Il provvedimento col quale la Corte di appello di Lecce ha sostituito gli arresti domiciliari con la custodia in carcere fa espresso riferimento a più violazioni delle prescrizioni imposte con la misura. In quel provvedimento (riportato a pag. 1 dell’ordinanza impugnata) si legge infatti: «l’imputato, già in un recente passato, è stato colto nell’atto di intrattenersi all’esterno dell’abitazione con quattro soggett non conviventi e non autorizzati (vedi episodio del 3 agosto 2023)». Dall’ordinanza impugnata emerge che il 3 agosto 2023 gli operanti non si limitarono a constatare che nel giardino comune alla casa di COGNOME e a quella del padre c’erano quattro persone estranee al nucleo familiare e riferirono che COGNOME stava conversando con loro. Il dato non è controverso, sicché non rileva se quelle persone fossero entrate nel giardino per parlare col padre di COGNOME, ma rileva che, una volta entrate, si
siano trattenute a parlare con l’odierno ricorrente cui era stato vietato di comunicare con persone diverse dai conviventi. Il Tribunale ha sottolineato, inoltre, che le persone con le quali COGNOME stava conversando in quella occasione, sono tutte gravate da precedenti e una di loro (NOME COGNOME) è già stata condannata per violazioni della legge in materia di stupefacenti. Ha ricordato, infine, che NOME COGNOME versa nella medesima condizione soggettiva.

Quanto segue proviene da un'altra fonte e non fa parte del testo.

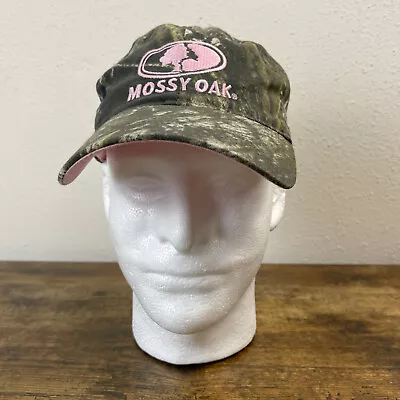 Mossy Oak Pink With Green Brown Camo Trucker Adjustable Hat Cap Adult Casual • $16.05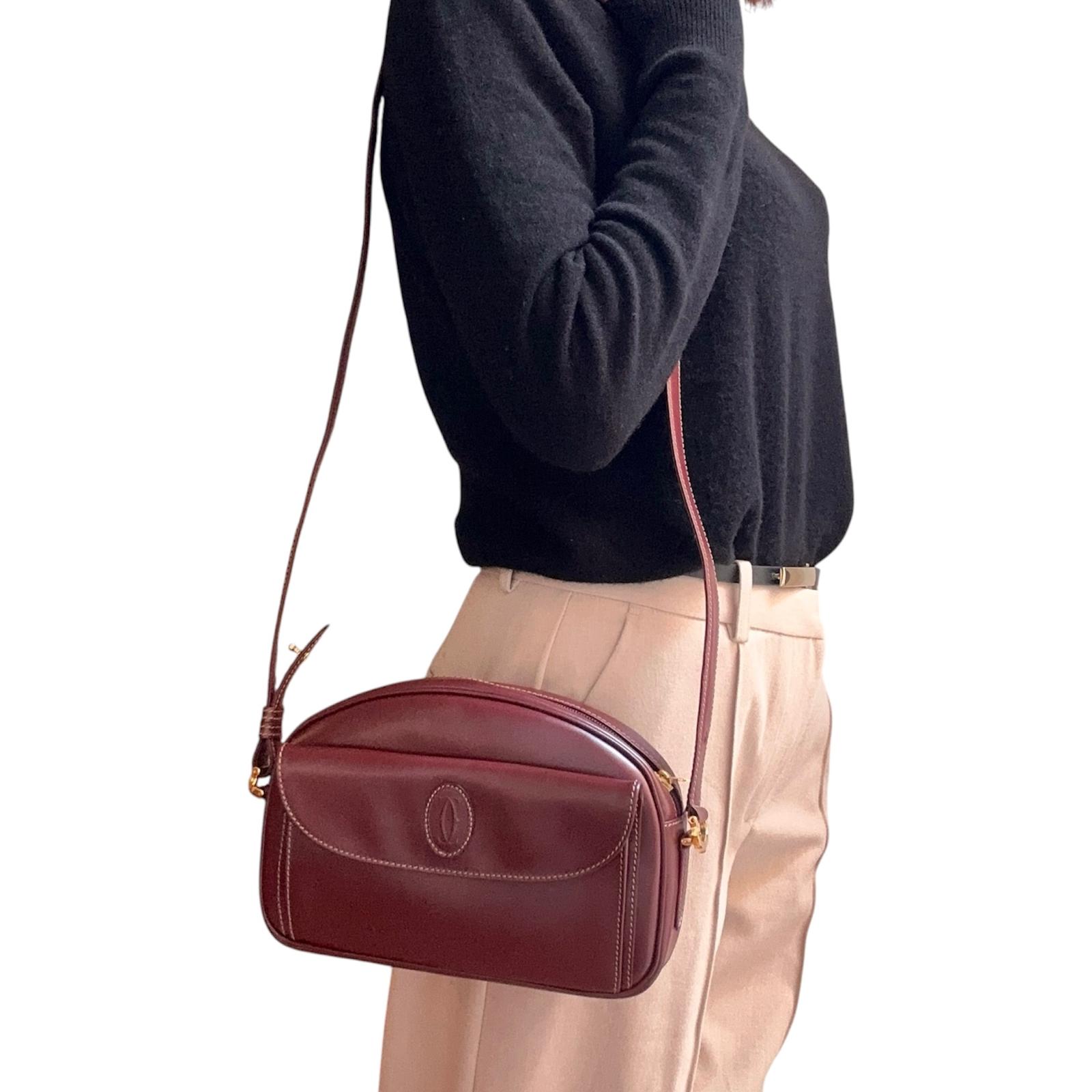 Must de Cartier Borsa a tracolla in pelle bordeaux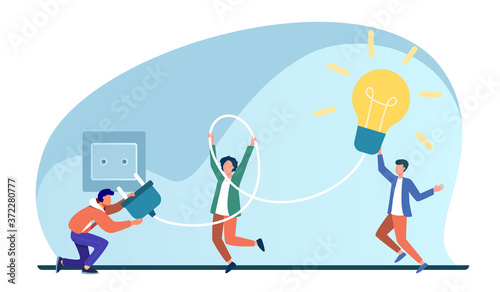 Tiny people turning on bulb into socket. Idea, lamp, electricity flat vector illustration. Brainstorming and creativity concept for banner, website design or landing web page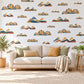 Rainbow Hills Wall Stickers, Rust Navy Mustard Boho Decor, Retro Sunset Mountain Wall Decals, Kids Room Nursery Peel and Stick Wall Art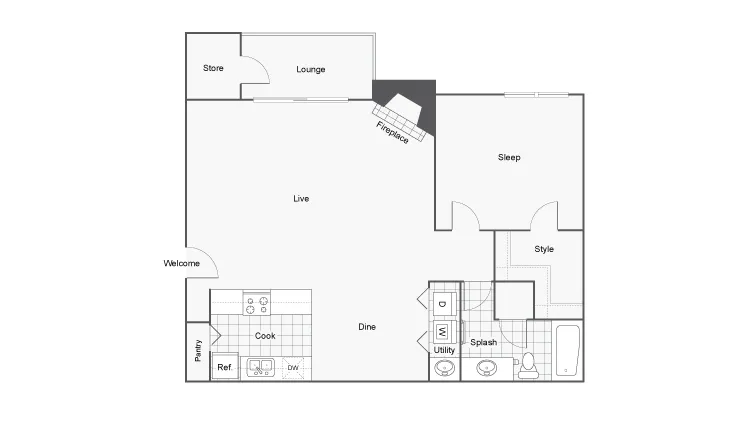 Cross-Creek-1bed-1bath one bedroom floor plan
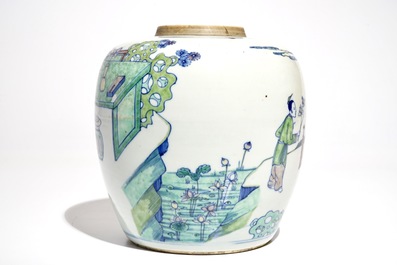 Een Chinese doucai gemberpot, Chenghua merk, Kangxi of later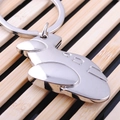 Polished silver metal airplane keychain fighter jet model pendant with mirror finish - GX-116 Airliner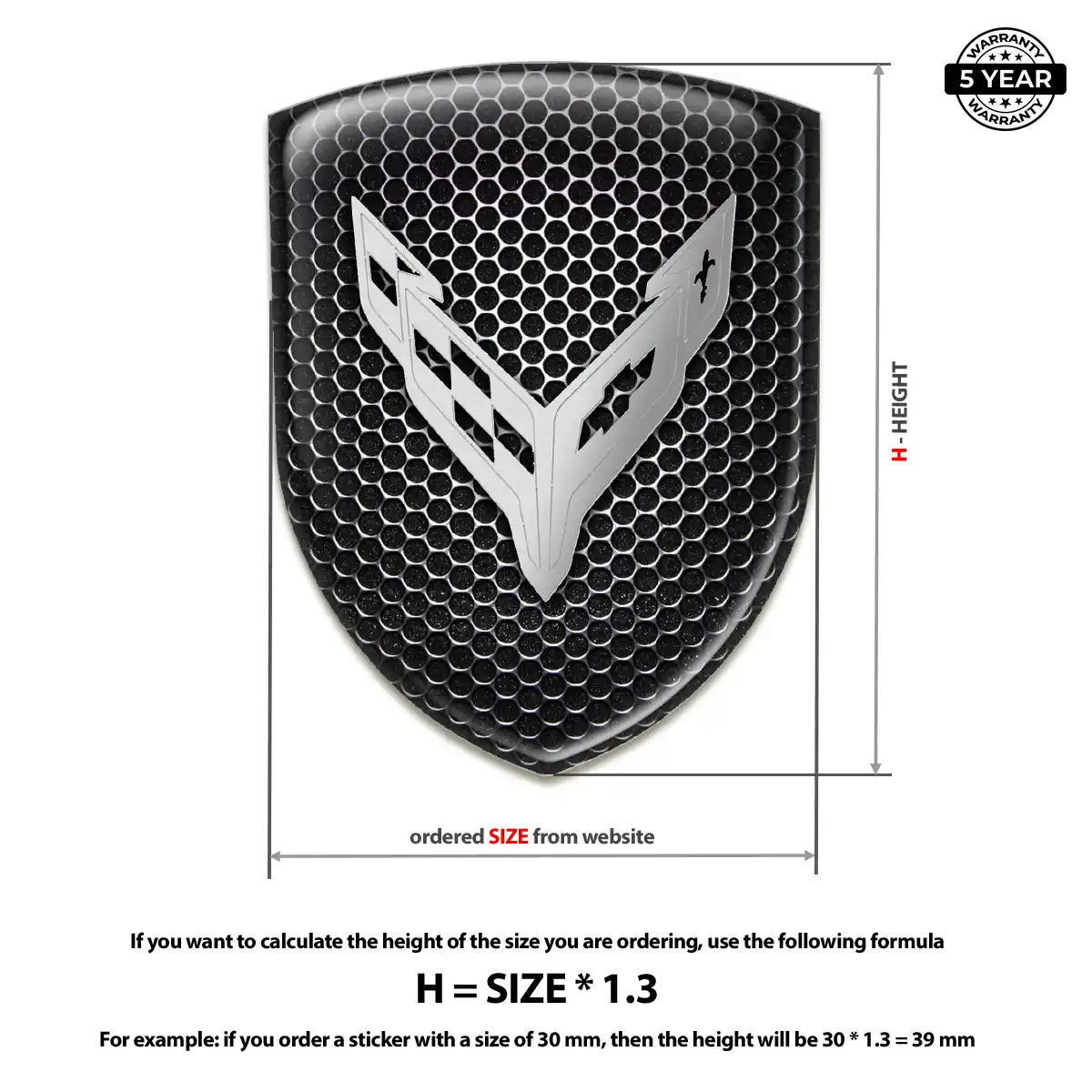 Chevrolet Corvette Car Emblem Sticker Refined Design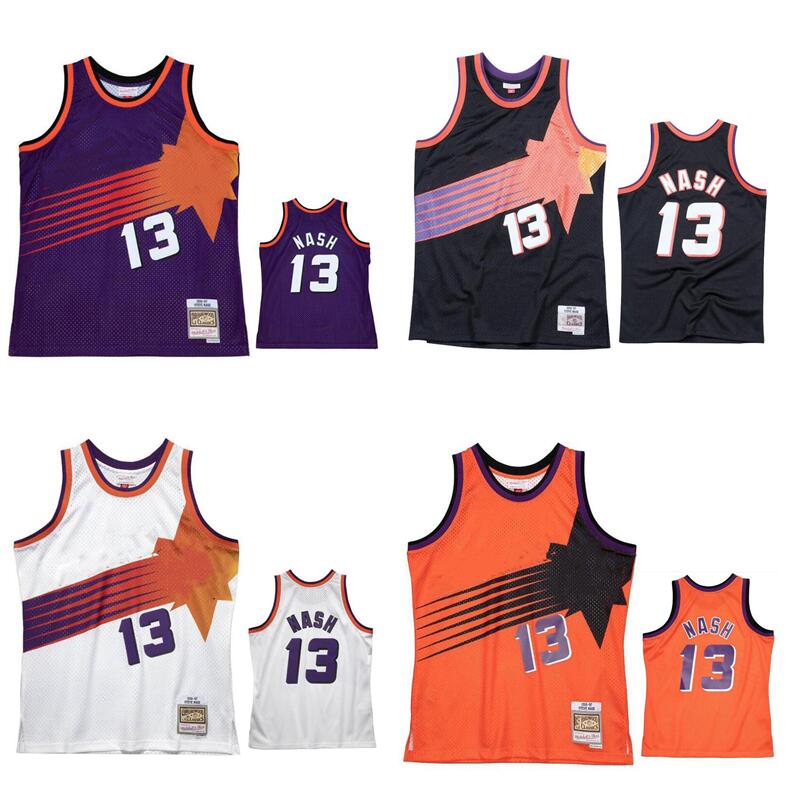 

Steve Nash Basketball jerseys S-XXL Mitchell Ness jersey black blue white Men Women Youth retro jersey 13, With logo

La motivazione è completa e scevra da profili di contraddittorietà o manifesta illogicità. Ed invero, non è contraddittorio né illogico aver attribuito rilievo a reiterazione in un breve arco di tempo di due trasgressioni alle prescrizioni imposte considerandola significativa di un aggravamento delle esigenze cautelari perché dimostrativa di una mancanza di «autodisciplina». In altri termini: la necessità di aggravare la misura è stata valutata nella prospettiva della adeguatezza della misura domiciliare a prevenire il pericolo di reiterazione di reati della stessa specie di quello per cui si procede e COGNOME è imputato per continuate violazioni dell’art. 73, comma 1, d.P.R. n. 309/90, sicché non è illogico aver ritenuto indispensabile a fini cautelari la puntuale osservanza di prescrizioni che impediscono contatti con terzi, specie se pregiudicati.
Al rigetto del ricorso consegue la condanna del ricorrente al pagamento delle spese processuali.
P.Q.M.
Rigetta il ricorso e condanna il ricorrente al pagamento delle spese processuali. Manda alla cancelleria per gli adempimenti di cui all’art. 94, comma 1 ter, disp. att. cod. proc. pen.